Criticizing environmental activists for lacking sensitivity to community dislocation and elevated health risks is hardly new -- the environmental justice movement issued this challenge to green activists two decades ago. As a college professor of environmental sociology, I teach students to consider community values and roles while they defend environmental protection. But as someone who was an environmental activist in Lincoln County in 1985-94, I must defend grassroots environmentalism against Ring's charges. The important question is whether scientific information can mediate and resolve cultural conflicts over the environment. Maybe Ring's point should be that rural communities need to accept scientific findings and find a way to deal with them, and that within that process of self-examination, environmentalists should facilitate that process by uniting with communities and victims suffering from corporate decision-making. More important, Americans need to reconsider their political economy whose consumption standards invoke poverty, pollution, and lousy working conditions across the globe.

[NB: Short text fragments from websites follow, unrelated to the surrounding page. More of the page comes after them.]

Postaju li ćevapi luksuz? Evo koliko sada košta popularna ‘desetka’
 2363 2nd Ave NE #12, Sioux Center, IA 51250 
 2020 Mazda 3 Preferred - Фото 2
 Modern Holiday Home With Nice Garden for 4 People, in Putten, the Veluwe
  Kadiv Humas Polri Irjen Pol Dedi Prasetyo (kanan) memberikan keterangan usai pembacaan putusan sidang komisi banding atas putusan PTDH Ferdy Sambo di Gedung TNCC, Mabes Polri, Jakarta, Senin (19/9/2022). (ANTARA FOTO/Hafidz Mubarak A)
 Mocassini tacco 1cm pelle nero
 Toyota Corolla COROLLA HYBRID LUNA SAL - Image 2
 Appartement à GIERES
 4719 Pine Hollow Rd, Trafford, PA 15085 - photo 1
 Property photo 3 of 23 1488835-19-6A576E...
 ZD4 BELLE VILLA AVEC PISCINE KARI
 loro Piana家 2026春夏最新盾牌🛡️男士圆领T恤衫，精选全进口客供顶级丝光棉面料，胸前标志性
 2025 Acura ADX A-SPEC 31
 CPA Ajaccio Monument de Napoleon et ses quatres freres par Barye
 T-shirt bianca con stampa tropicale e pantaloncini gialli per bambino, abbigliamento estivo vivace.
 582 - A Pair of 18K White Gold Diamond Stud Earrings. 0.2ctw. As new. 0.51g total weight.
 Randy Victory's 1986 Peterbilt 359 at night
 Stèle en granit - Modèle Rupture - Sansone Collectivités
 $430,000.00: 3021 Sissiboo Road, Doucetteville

My 1995 study of the "cultural divide" in Lincoln County, an inquiry questioning the role of science itself in natural resource conflicts, covered public debates in which Libby community culture invalidated science that demonstrated the need for the community and government agencies to change logging and mining practices. My paper explained the concept of moral exclusion -- labeling opposition groups as morally deviant to delegitimize and exclude their views from public expression. Neither side of the cultural divide is free from blame where moral exclusion is concerned. But Libby's community and logging activists defended corporate industries by using "science" itself as a negative label. The transformation of science into a "cultural" attack on community values supported a general atmosphere of denial that allowed the community, mineworkers and environmentalists to disregard the evidence that asbestos was killing community members without regard to political viewpoint. I was, and remain, part of that social tragedy.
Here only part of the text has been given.